→ **Task data**:

·····

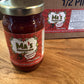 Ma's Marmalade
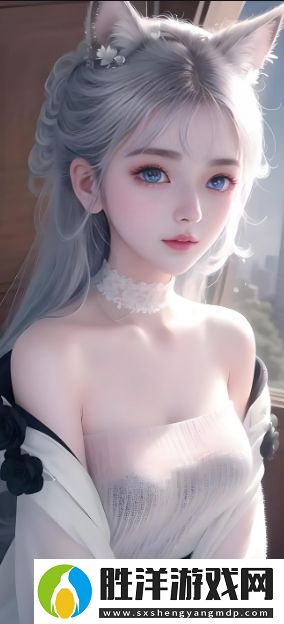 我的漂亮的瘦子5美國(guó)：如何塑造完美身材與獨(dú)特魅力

·····

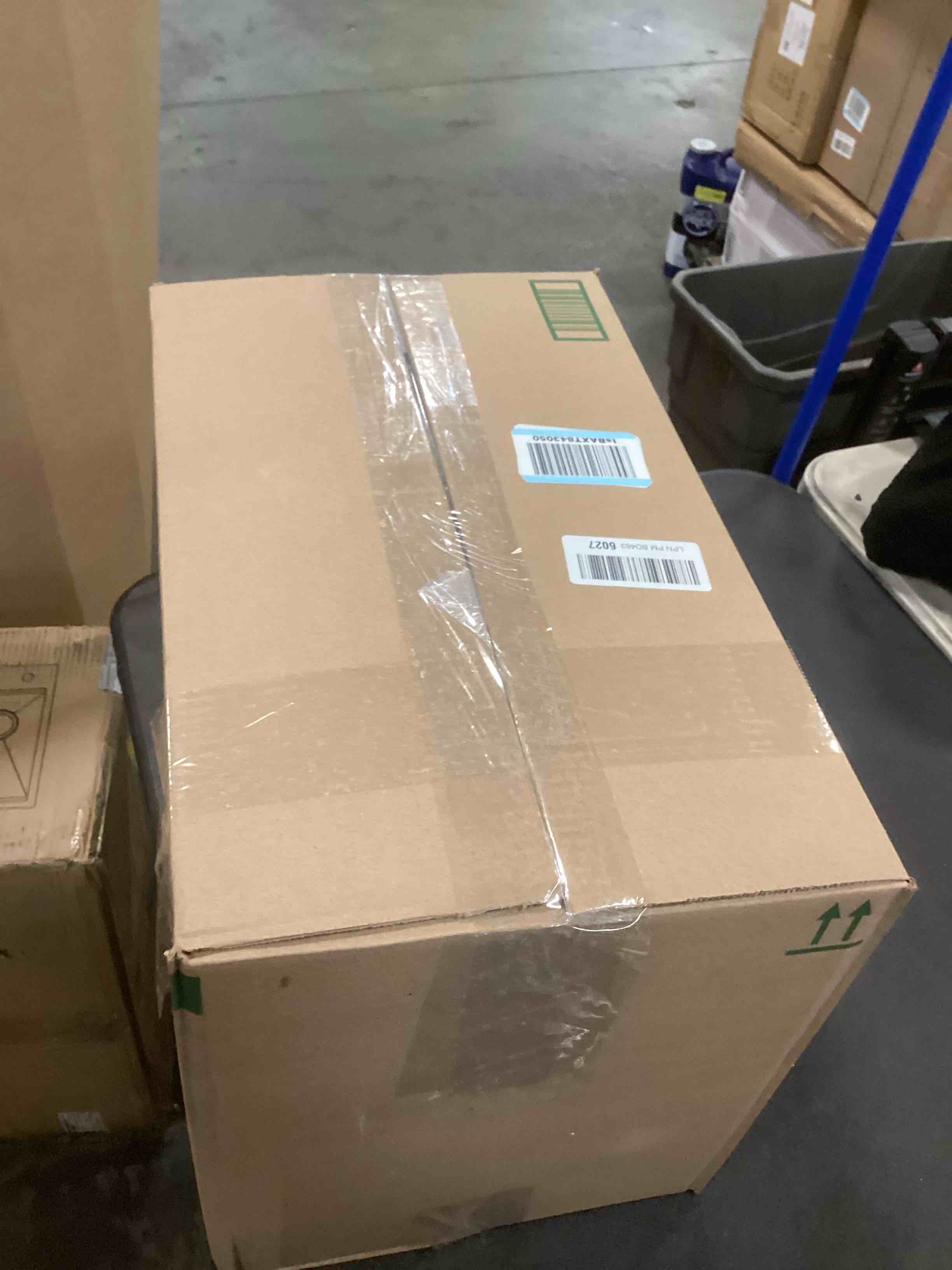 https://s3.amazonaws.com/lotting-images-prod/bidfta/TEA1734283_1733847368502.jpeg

·····

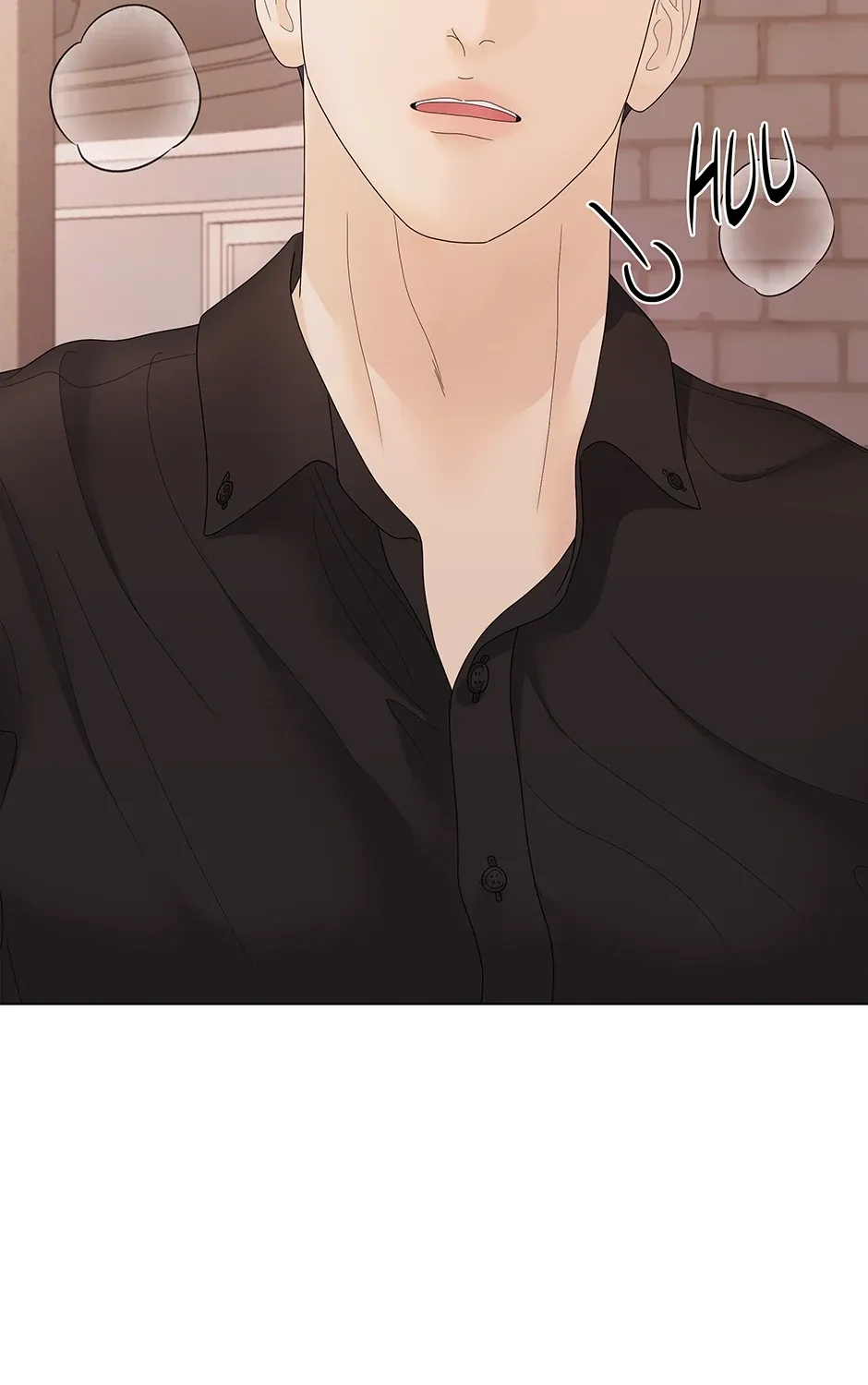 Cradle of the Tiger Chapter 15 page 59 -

·····

→ **Goal of the exercise**: From the line with "Ma's Marmalade" up to and including the line with "我的漂亮的瘦子5美國(guó)：如何塑造完美身材與獨(dú)特魅力" above, retype every line exactly and nothing more; leave out the pictures.

→ **Expected answer**:
 Ma's Marmalade
 我的漂亮的瘦子5美國(guó)：如何塑造完美身材與獨(dú)特魅力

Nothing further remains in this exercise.